▶ INFORMATION SHOWN:
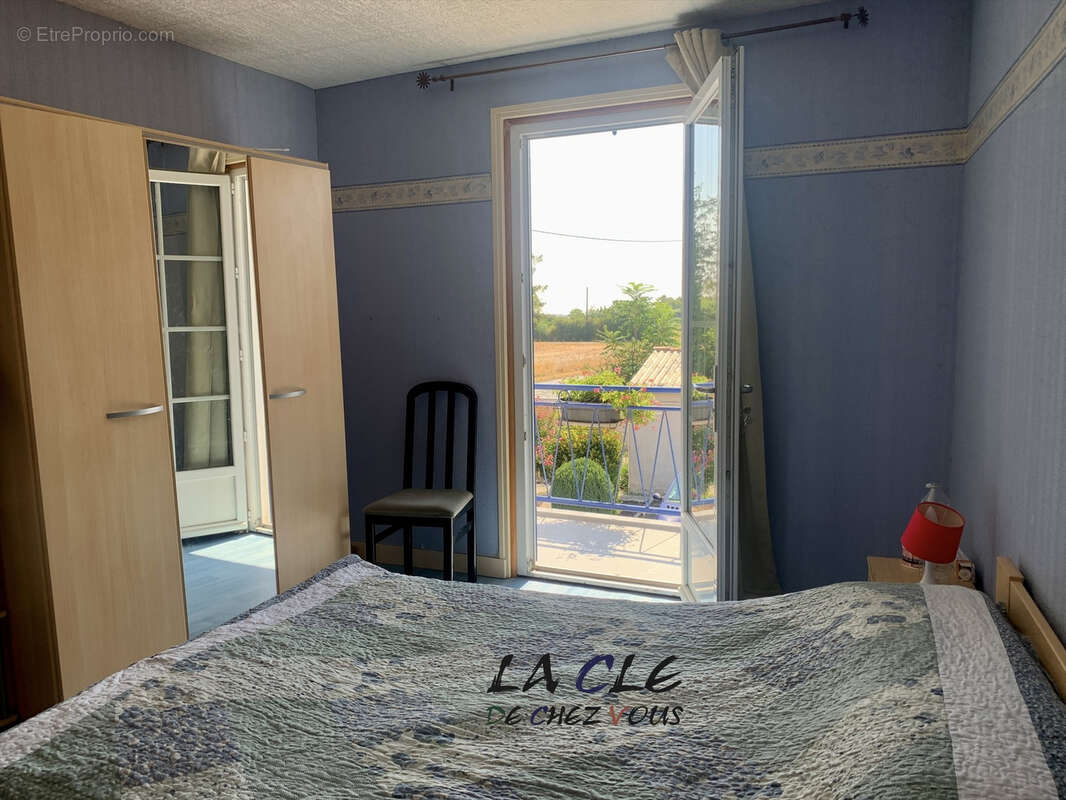 Maison 144 m² à Saint-Martin-De-Fraigneau  - photo 4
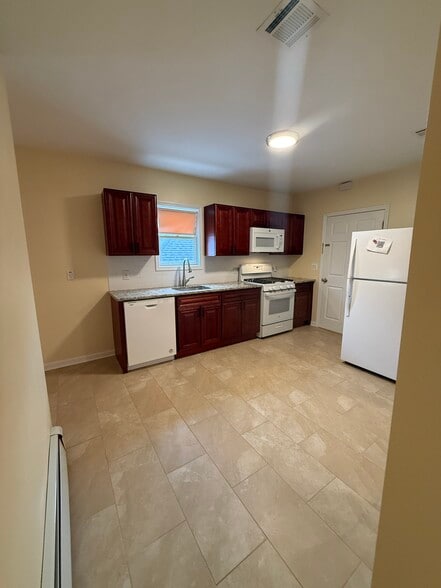 Building Photo - 7 Cortland St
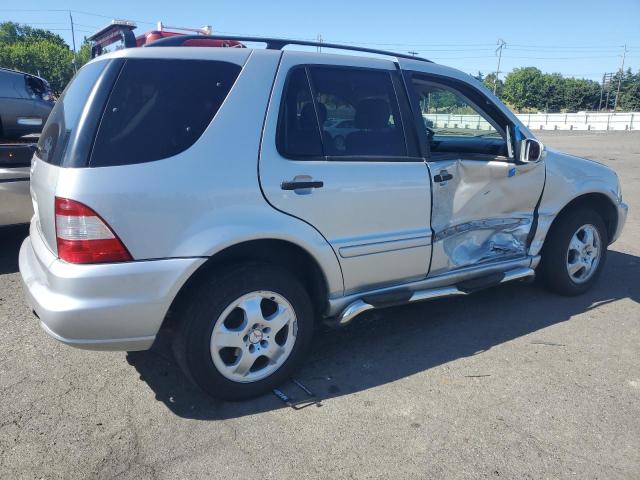 4JGAB54E92A307225 - 2002 MERCEDES-BENZ ML 320 ვერცხლისფერი ფოტო 3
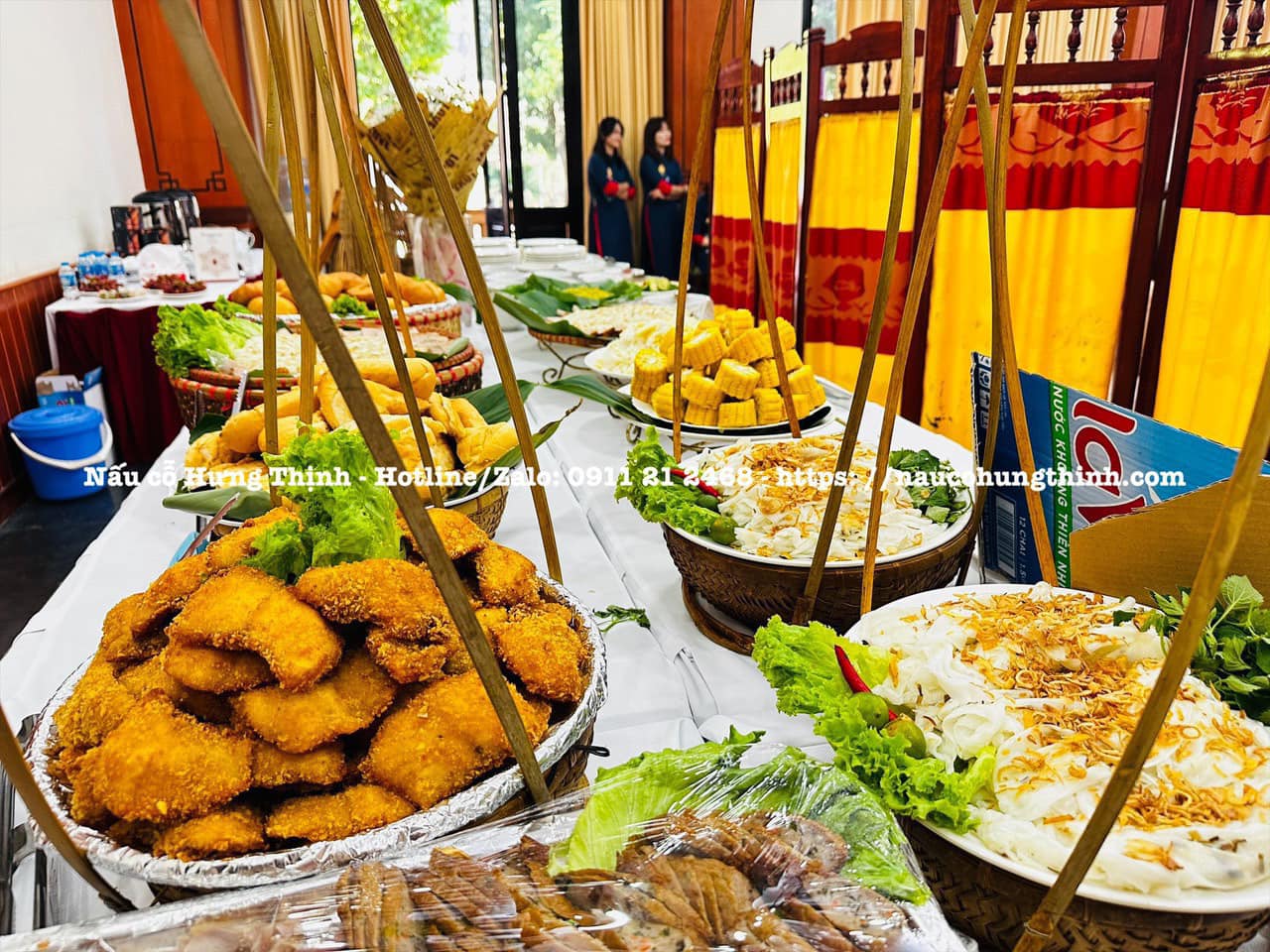 Tiệc tân gia ngoài trời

▶ REQUIRED WORK: Reproduce the material above in full, exactly, with no images.

▶ OUTPUT OF THE EXERCISE:
 Maison 144 m² à Saint-Martin-De-Fraigneau  - photo 4
 Building Photo - 7 Cortland St
 4JGAB54E92A307225 - 2002 MERCEDES-BENZ ML 320 ვერცხლისფერი ფოტო 3
 Tiệc tân gia ngoài trời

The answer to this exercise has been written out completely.